Exactly reproduce the lines from the line containing "Colmar jacka - Säljer" to the end of the data below, inclusive, and nothing else.

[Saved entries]
● ● ●
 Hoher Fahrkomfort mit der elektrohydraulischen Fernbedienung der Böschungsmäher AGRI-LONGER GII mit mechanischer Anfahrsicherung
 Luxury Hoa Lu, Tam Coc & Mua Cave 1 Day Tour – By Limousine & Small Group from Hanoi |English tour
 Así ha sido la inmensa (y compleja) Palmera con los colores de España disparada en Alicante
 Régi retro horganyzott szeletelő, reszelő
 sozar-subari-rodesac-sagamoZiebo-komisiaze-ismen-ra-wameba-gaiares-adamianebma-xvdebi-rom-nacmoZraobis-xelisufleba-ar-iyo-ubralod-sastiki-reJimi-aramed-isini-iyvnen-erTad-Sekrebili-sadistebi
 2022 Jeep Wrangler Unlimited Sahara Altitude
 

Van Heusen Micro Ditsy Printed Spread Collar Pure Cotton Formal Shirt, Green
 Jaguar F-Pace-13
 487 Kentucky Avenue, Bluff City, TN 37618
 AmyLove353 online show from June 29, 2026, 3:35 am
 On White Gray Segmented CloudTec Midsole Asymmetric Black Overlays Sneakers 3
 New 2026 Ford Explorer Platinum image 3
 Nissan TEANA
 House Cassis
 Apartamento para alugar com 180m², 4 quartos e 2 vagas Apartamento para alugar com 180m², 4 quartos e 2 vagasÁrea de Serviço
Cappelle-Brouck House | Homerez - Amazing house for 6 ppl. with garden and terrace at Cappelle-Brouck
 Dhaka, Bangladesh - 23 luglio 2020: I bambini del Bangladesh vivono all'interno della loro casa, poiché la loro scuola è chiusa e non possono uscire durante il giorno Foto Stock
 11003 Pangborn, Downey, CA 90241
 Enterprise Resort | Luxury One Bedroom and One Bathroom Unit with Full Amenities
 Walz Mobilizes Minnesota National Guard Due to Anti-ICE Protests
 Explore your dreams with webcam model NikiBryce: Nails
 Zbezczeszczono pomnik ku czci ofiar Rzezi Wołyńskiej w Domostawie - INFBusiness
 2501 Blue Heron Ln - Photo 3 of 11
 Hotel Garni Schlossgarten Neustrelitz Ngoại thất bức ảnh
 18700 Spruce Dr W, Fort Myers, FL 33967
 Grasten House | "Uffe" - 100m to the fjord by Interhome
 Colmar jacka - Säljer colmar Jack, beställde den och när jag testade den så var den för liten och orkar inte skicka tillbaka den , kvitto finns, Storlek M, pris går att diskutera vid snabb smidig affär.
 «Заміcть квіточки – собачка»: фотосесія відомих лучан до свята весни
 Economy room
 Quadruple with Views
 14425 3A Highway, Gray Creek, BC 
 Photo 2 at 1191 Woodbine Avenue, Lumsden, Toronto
● ● ●
**ANSWER BOX**.
 Colmar jacka - Säljer colmar Jack, beställde den och när jag testade den så var den för liten och orkar inte skicka tillbaka den , kvitto finns, Storlek M, pris går att diskutera vid snabb smidig affär.
 «Заміcть квіточки – собачка»: фотосесія відомих лучан до свята весни
 Economy room
 Quadruple with Views
 14425 3A Highway, Gray Creek, BC 
 Photo 2 at 1191 Woodbine Avenue, Lumsden, Toronto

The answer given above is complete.